» **Work item**:
Take the entries below and print only the lines from the one with "COZONY Cat Tree" through the one with "Luxury Multi Color", exactly as they stand, both ends included.

Input START

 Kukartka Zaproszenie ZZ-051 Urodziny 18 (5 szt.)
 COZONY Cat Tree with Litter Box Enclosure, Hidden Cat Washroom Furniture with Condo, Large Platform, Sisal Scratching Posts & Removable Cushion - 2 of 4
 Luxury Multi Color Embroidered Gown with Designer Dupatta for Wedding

Input END
Input START

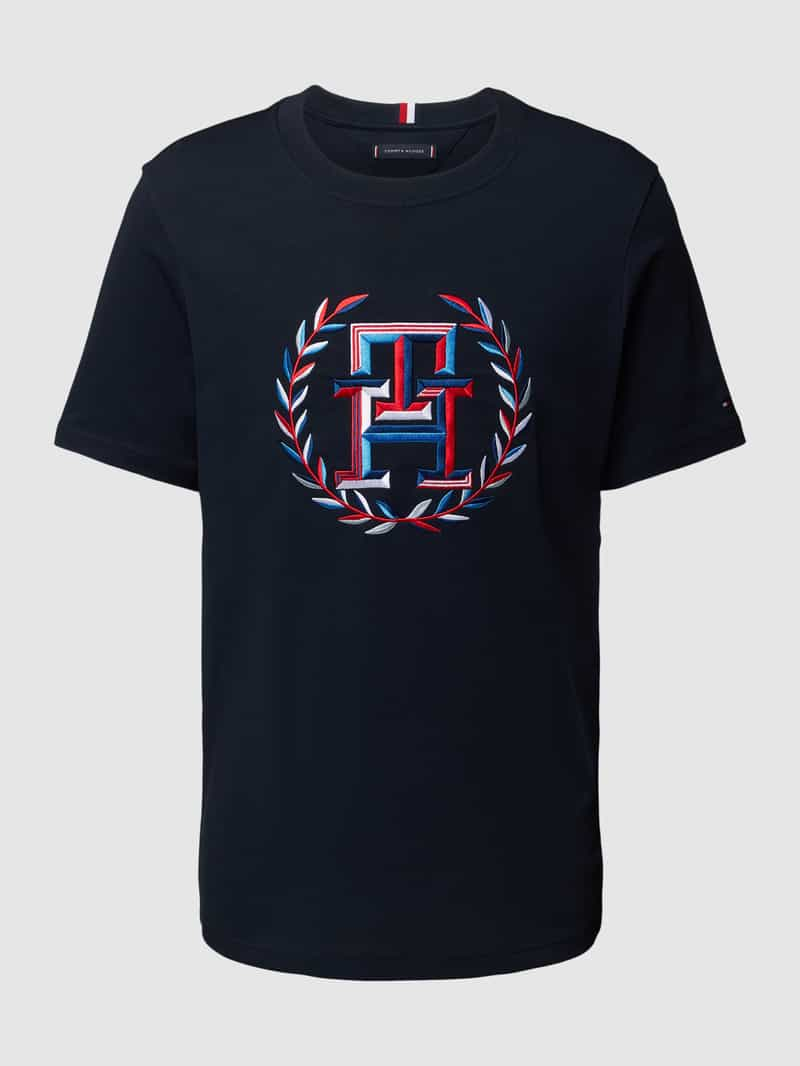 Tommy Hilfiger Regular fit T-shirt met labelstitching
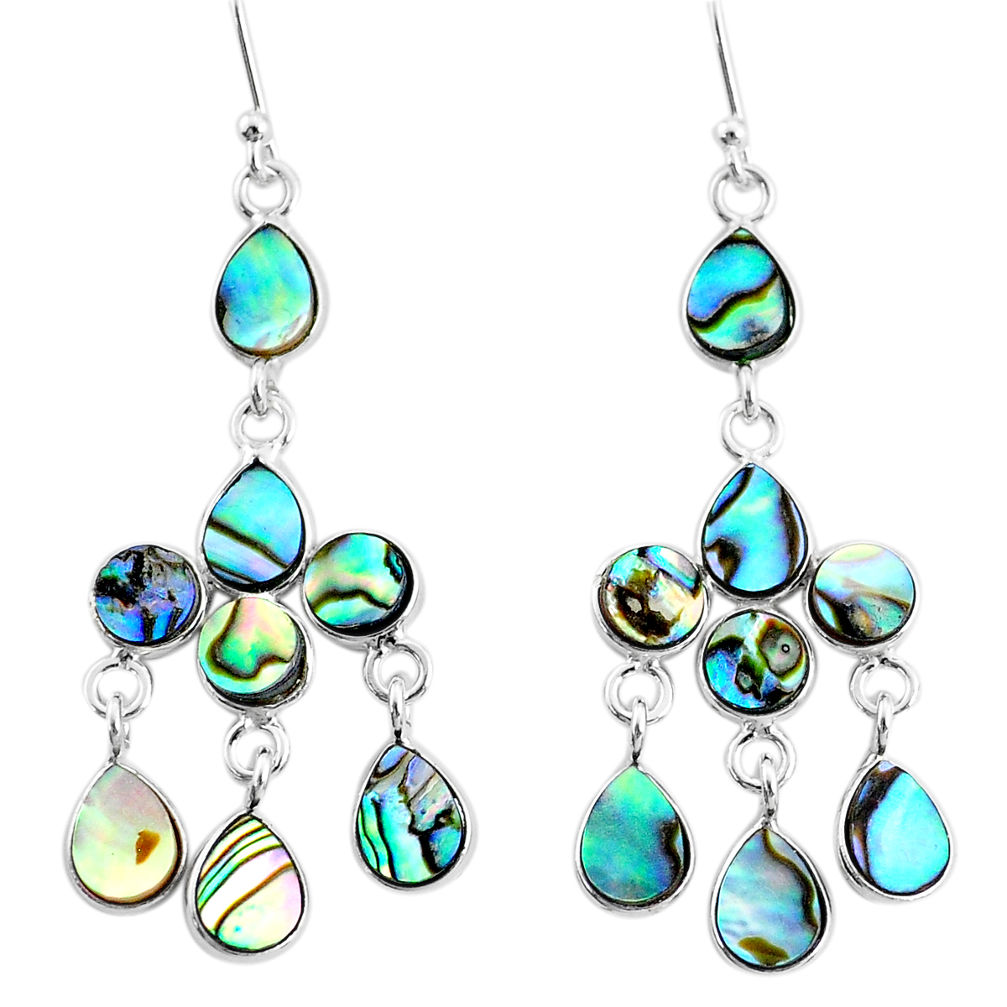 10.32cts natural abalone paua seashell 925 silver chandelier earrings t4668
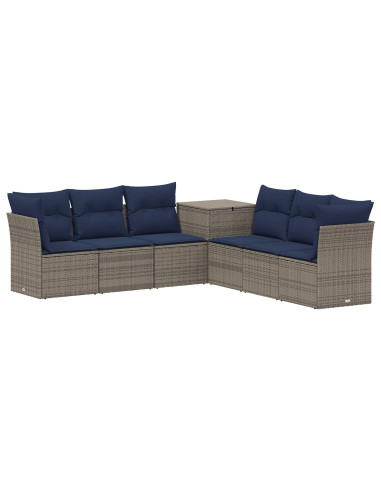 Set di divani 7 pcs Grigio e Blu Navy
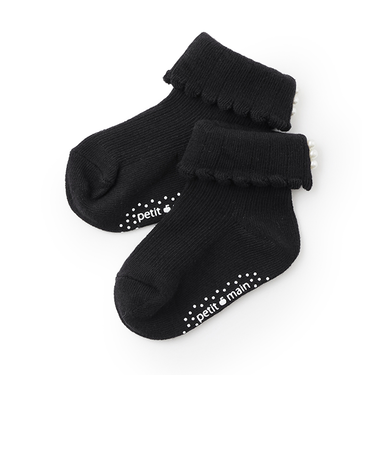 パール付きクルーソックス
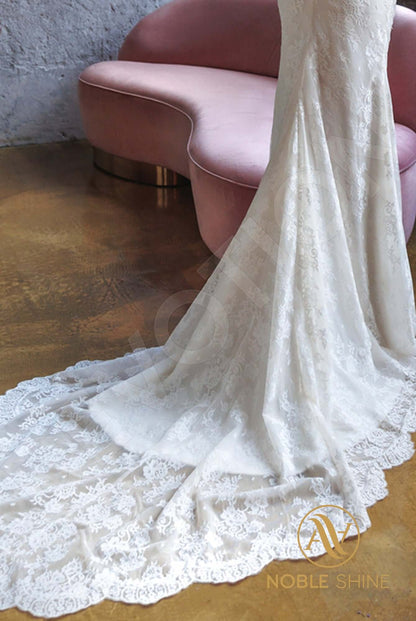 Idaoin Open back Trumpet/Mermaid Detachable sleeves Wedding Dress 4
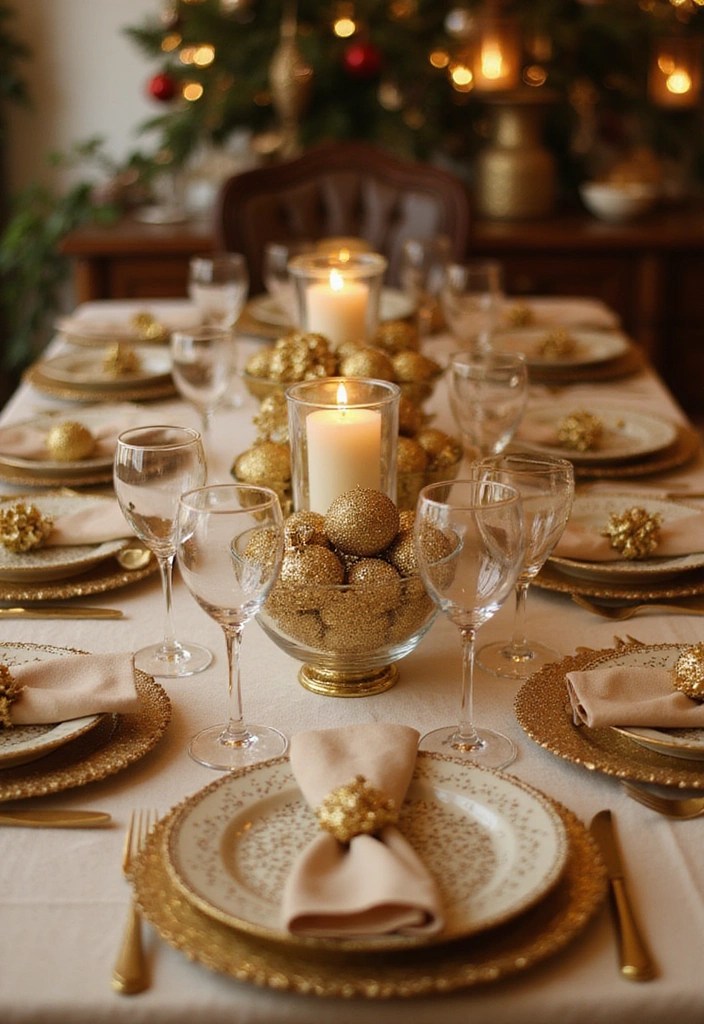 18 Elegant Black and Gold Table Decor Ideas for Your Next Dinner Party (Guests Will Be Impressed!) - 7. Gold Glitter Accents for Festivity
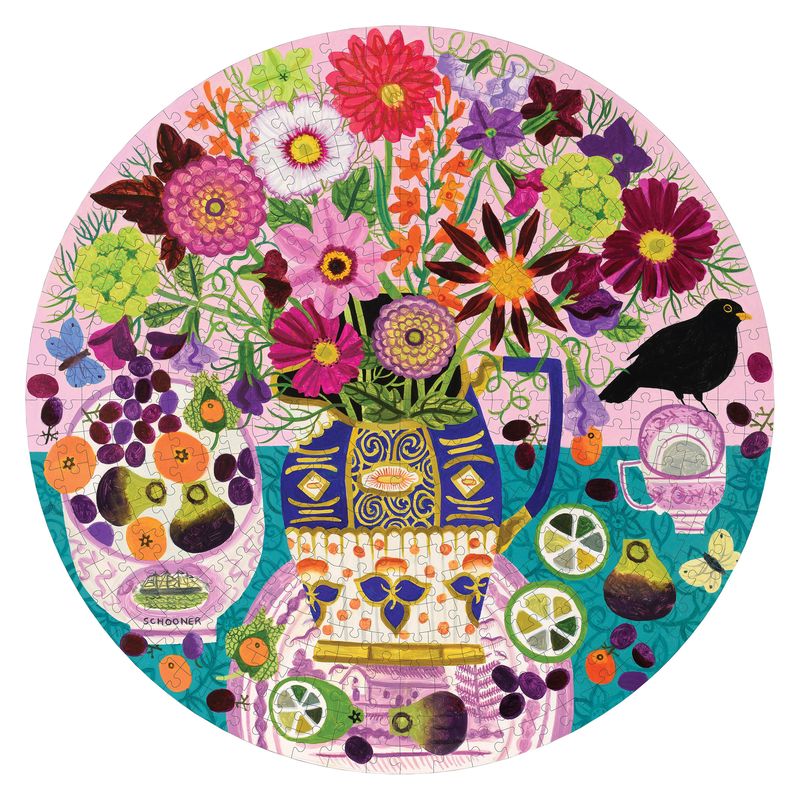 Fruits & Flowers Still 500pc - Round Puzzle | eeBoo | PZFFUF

Input END

» **Reply**:
 COZONY Cat Tree with Litter Box Enclosure, Hidden Cat Washroom Furniture with Condo, Large Platform, Sisal Scratching Posts & Removable Cushion - 2 of 4
 Luxury Multi Color Embroidered Gown with Designer Dupatta for Wedding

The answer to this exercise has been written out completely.